Chasseurs and constabulary alike spill through the streets—searching for the cold man—while another dozen recover Babette’s body from the cemetery and inspect the grounds for signs of foul play. I clutch her cross tightly within the pocket of my skirt. I should turn it over to Jean Luc, yet my fingers—still ice cold and trembling—refuse to relinquish its ostentatious silver edges. They score my palm as I dart after him, determined to join the proceedings. Determined to help . He hardly looks at me, however, instead shouting orders with brutal efficiency, directing Charles to find Babette’s next of kin, Basile to alert the morgue of her arrival, Frederic to collect the dead roses as evidence. “Take them to the infirmary,” he tells the latter in a low voice, “and send word to La Dame des Sorcières via His Majesty—tell her we need her assistance.”

“I can go to Lou!” In stark contrast to his unshakable facade, my voice sounds loud, panicked, even to my own ears. I clear my throat and try again, clenching Babette’s cross to the point of pain. “That is, I can contact her directly—”

“No.” Jean Luc shakes his head curtly. He still doesn’t look at me. “Frederic will go.”

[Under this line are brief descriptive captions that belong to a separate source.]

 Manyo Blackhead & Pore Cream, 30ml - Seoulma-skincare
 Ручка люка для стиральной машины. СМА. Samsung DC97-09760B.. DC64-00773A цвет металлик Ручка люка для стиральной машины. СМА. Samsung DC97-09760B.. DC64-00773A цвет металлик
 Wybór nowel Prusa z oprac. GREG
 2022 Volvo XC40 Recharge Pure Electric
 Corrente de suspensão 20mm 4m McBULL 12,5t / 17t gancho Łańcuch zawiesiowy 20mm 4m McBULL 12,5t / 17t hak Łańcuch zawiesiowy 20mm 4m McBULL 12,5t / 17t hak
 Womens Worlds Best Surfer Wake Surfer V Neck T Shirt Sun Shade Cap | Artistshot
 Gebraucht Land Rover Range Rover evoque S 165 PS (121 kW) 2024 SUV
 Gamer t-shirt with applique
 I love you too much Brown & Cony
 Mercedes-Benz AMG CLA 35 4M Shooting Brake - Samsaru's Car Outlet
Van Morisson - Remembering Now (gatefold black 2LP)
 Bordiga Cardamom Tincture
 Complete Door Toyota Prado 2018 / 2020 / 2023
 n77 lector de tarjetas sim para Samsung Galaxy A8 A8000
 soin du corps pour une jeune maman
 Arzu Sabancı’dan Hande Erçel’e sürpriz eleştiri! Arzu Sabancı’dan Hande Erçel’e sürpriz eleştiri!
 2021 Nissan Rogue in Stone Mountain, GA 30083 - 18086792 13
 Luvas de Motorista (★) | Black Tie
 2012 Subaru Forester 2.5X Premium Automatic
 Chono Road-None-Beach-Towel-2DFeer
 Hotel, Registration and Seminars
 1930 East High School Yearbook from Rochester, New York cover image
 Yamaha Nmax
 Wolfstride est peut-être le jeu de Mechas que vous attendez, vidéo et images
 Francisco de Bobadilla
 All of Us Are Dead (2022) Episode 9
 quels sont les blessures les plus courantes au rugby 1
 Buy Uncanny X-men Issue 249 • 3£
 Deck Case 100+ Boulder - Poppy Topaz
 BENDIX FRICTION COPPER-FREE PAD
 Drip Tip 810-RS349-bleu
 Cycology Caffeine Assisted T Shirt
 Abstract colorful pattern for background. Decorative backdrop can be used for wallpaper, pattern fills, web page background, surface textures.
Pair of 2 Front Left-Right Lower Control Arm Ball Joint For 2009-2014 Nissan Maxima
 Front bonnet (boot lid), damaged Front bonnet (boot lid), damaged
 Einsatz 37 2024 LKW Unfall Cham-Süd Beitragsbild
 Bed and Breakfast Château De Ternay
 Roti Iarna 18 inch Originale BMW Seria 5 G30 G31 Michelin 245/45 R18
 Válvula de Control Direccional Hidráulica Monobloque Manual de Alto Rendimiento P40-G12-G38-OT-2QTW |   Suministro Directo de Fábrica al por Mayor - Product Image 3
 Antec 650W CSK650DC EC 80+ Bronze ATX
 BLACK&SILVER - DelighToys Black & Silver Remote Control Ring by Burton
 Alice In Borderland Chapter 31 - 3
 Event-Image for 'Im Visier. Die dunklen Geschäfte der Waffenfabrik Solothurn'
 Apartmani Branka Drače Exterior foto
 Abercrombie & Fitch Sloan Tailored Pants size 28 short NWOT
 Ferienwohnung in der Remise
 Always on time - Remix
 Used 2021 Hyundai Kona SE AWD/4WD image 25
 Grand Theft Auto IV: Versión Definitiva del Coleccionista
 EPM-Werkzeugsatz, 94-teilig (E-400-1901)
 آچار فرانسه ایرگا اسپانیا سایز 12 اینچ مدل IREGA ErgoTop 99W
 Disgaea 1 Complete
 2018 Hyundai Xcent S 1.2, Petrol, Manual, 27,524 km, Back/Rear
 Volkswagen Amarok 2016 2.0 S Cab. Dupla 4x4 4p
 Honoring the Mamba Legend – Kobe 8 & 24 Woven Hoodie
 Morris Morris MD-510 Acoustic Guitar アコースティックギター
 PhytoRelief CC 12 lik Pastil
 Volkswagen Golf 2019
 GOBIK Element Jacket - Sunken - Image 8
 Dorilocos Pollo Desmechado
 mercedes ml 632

“But I can reach her much faster—”

“I said no , Célie.” His tone brooks no argument. Indeed, his eyes harden as they at last sweep my wet hair, my soiled gown, my sparkling ring, before he turns away to address Father Achille, who arrives with a band of healers. When I don’t move, he pauses, glancing back at me over his shoulder. “Go to Chasseur Tower and wait for me in your room. We need to have a discussion.”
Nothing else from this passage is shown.